Moscow Papyrus. Another source of Egyptian mathematics is the Moscow Papyrus, named for the Museum of Fine Arts in Moscow, where it is on display. It is much smaller than the Rhind Papyrus, at 18 feet long and 3 inches wide. The Moscow Papyrus dates from about 1850 b.c.e. and contains thirty exercise problems, written like those in the Rhind Papyrus. The problems were "already old" according to the copyist. One problem shows the formula for the area of a trapezoid, A = ½(b 1 + b 2) h, which is identical to the formula used today. Another problem gives the formula for the area of a parallelogram in terms of its four side lengths: A = ¼(a + c )(b + d ). This formula, however, works only if the parallelogram is very close in shape to a rectangle. It is easy to show that the formula is incorrect for extreme parallelogram shapes, but the goal for this papyrus is the same as for the Rhind Papyrus: to provide exercises, not theoretical mathematics.

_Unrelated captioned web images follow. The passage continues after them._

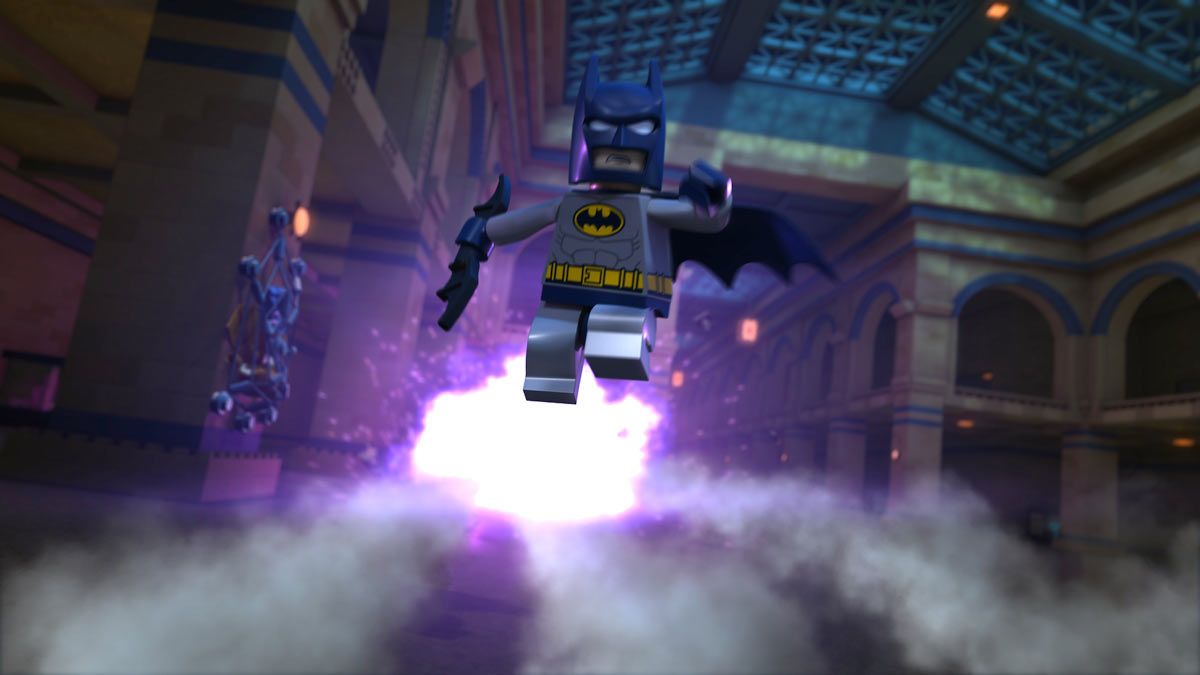 Lego best sale batman beleaguered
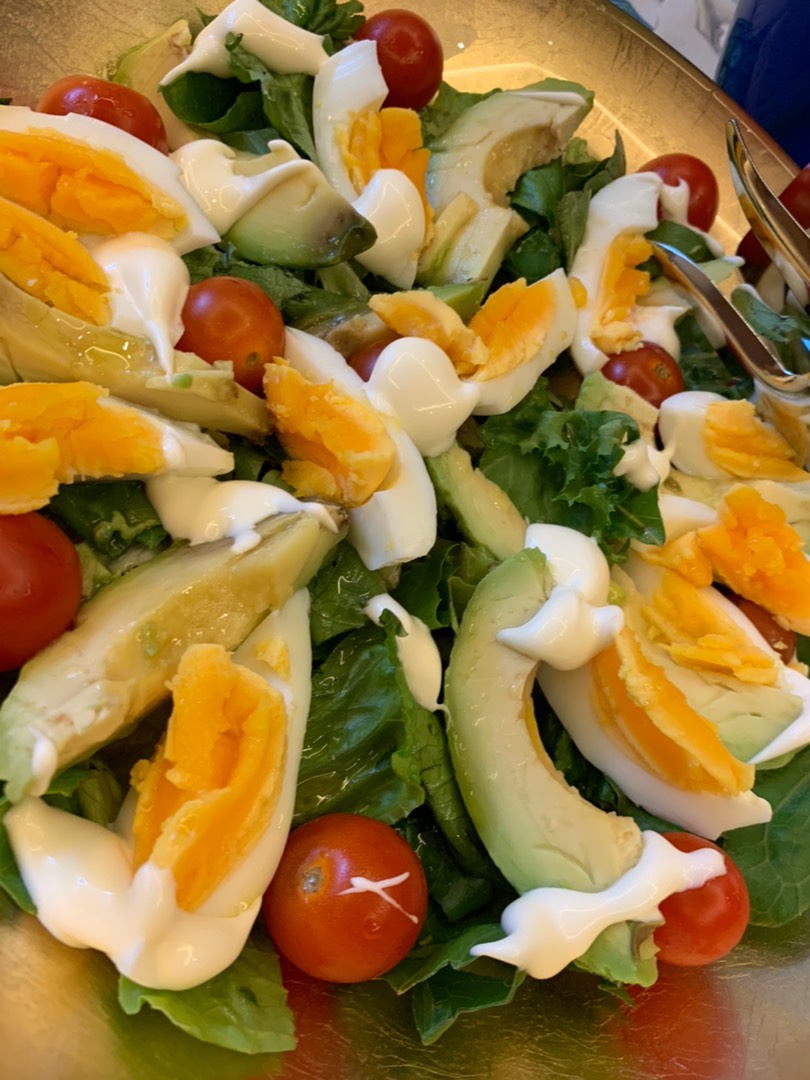 🥬 Салат фантазия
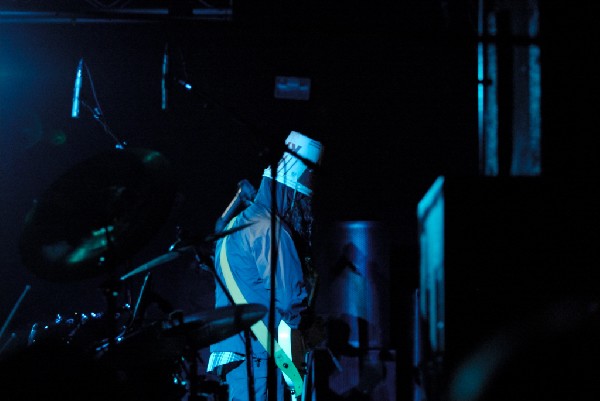 Buckethead at La Zona Rosa, Austin, Tx
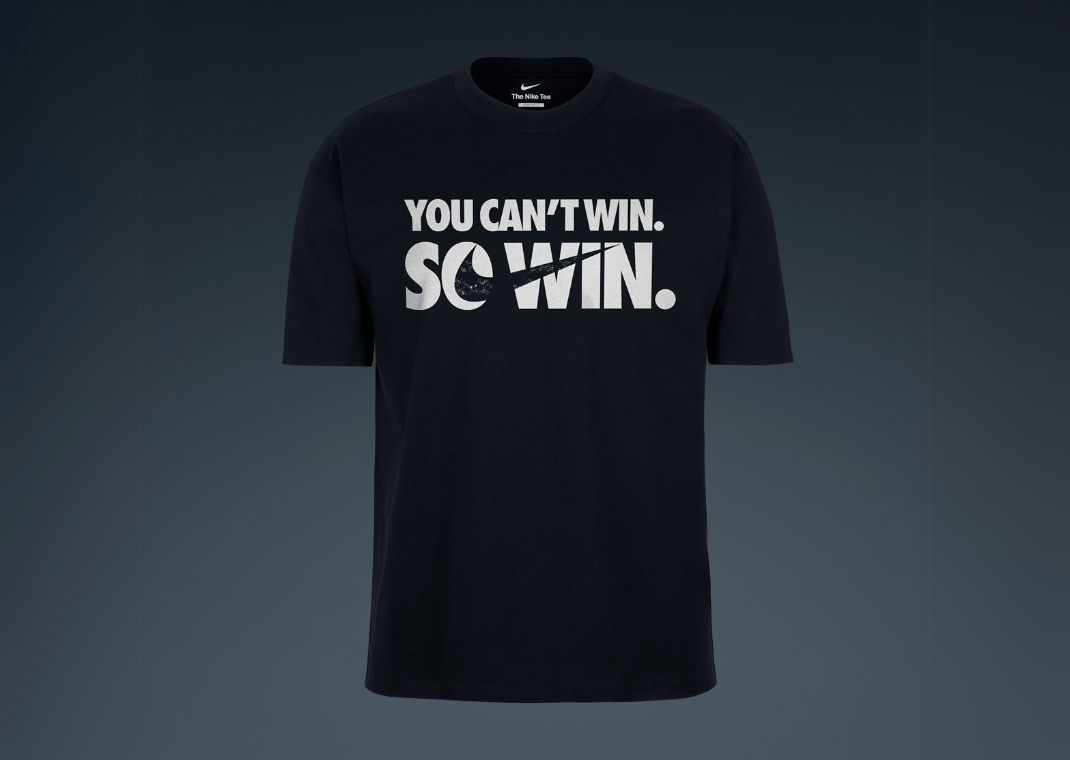 Nike So Win T-Shirt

The Moscow Papyrus contains one problem that asks for the volume of the frustum of a pyramid. A frustum is the shape that is left if the top of a pyramid is cut by a plane parallel to the base. Math historians cannot explain how the Egyptians found this formula. The mathematics needed to derive the formula were not in existence until about 300 b.c.e., when Greek mathematicians rediscovered it. The only possible explanation is that, through a series of many problems, the Egyptians discovered an equation that gave the correct solution. Although the formula holds for all frustums, there was no attempt by the copyist to generalize it.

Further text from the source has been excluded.